**EXERCISE OBJECTIVE**
Among the records below, find the line with "Machine Washable Oriental" and the line with "Cute ebony gives". Set down both and every line between, exactly and with no pictures, but nothing else.

**TASK INPUT**
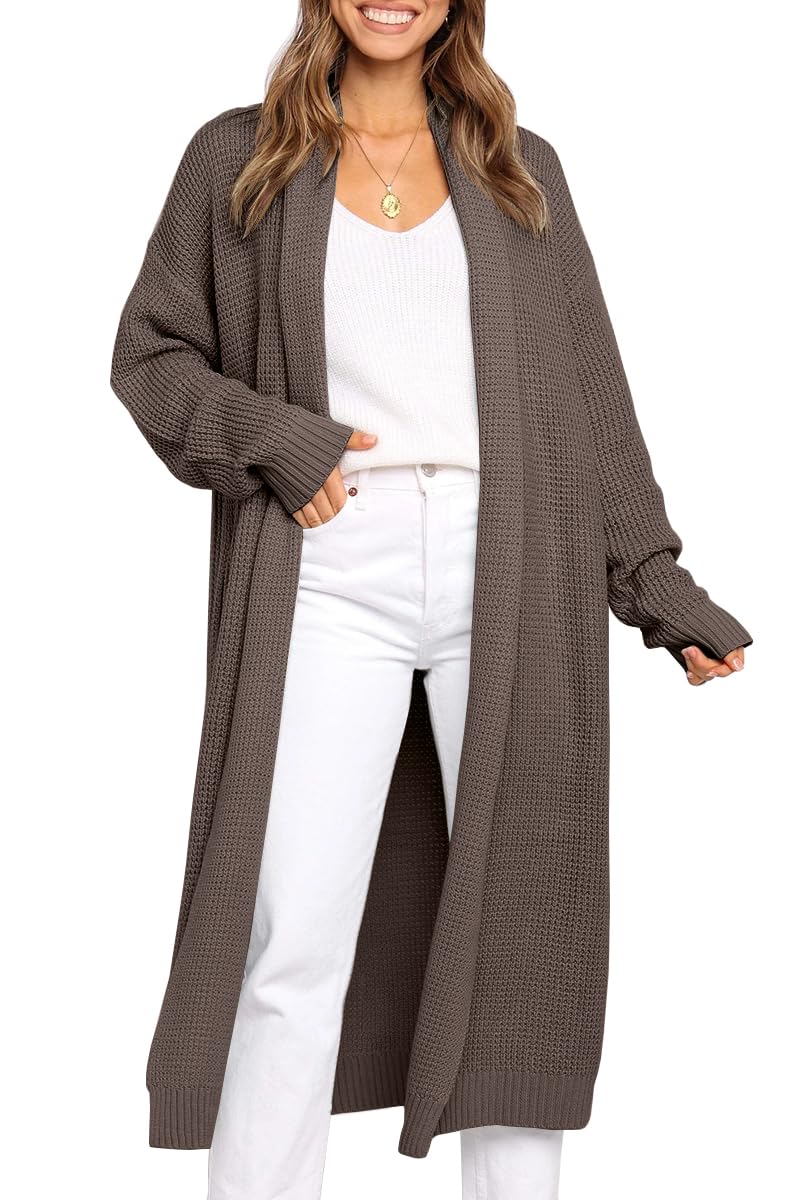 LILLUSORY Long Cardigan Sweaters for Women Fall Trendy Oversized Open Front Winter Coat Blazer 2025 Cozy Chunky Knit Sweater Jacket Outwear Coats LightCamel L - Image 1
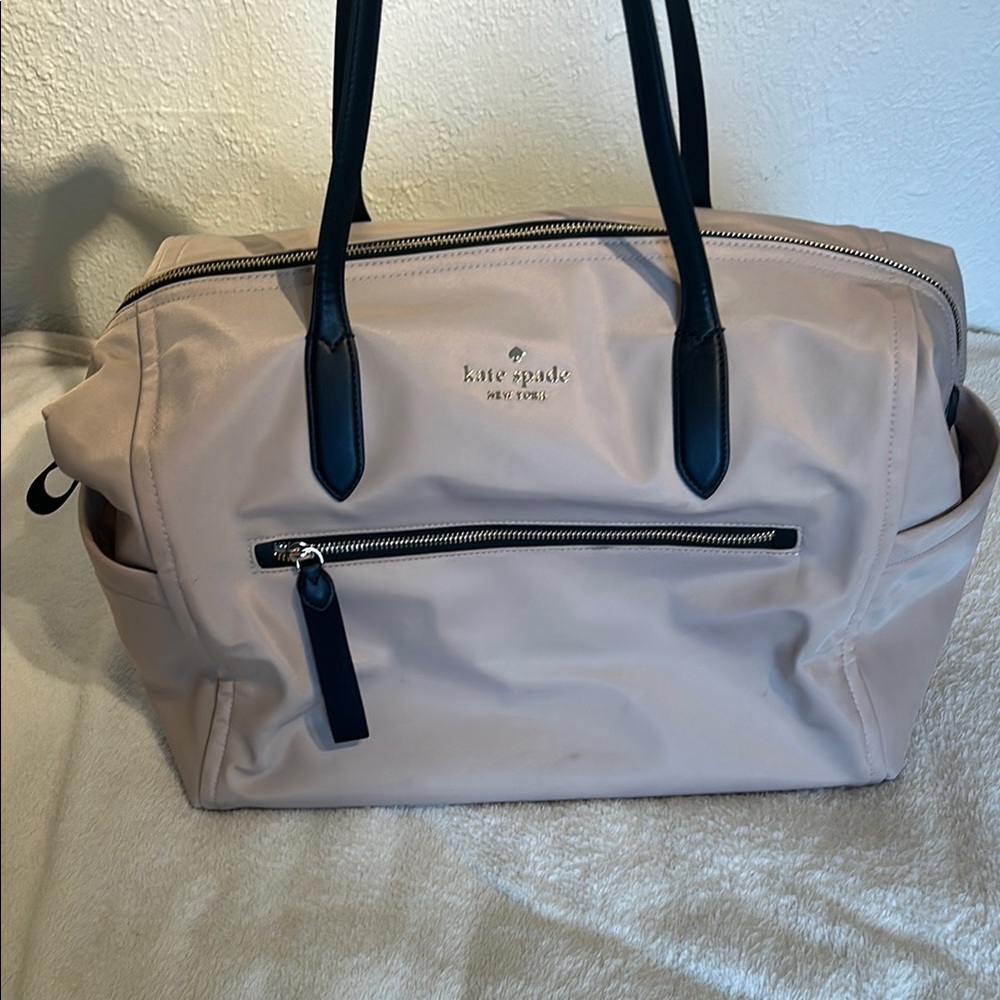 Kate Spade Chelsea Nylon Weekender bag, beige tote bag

--

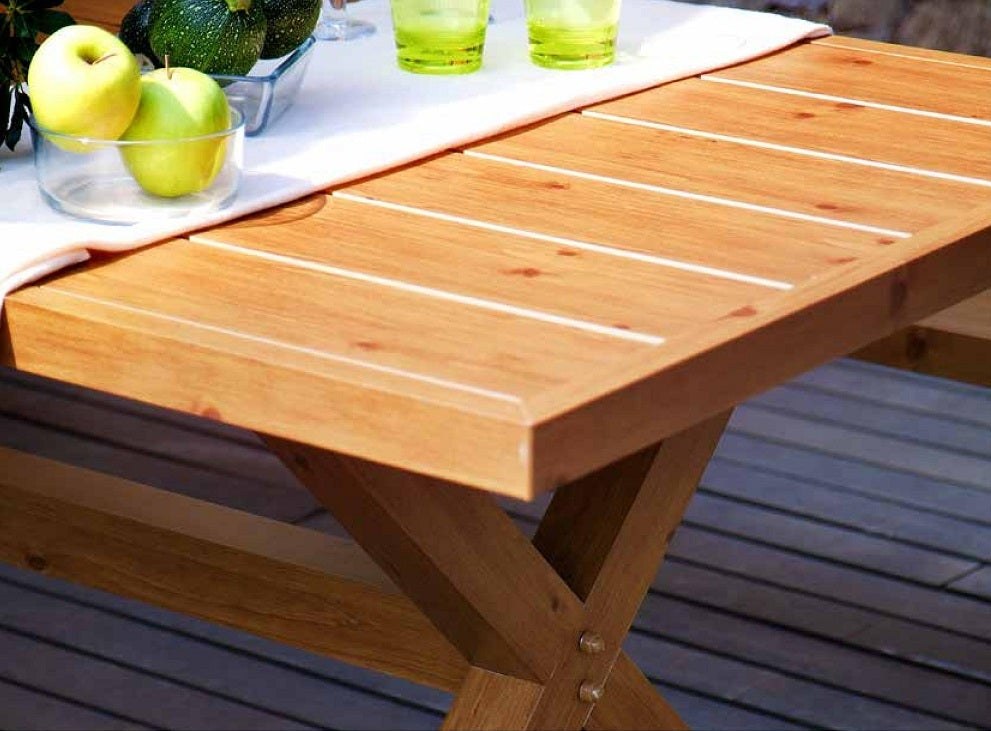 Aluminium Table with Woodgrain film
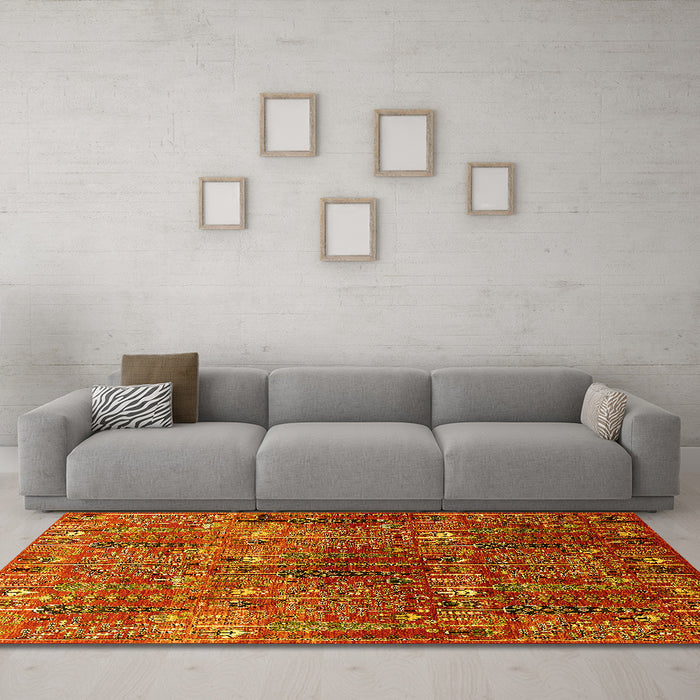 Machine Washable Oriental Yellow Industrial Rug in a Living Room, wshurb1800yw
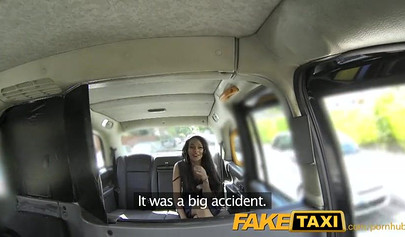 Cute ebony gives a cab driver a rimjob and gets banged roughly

**OUTPUT**
 Machine Washable Oriental Yellow Industrial Rug in a Living Room, wshurb1800yw
 Cute ebony gives a cab driver a rimjob and gets banged roughly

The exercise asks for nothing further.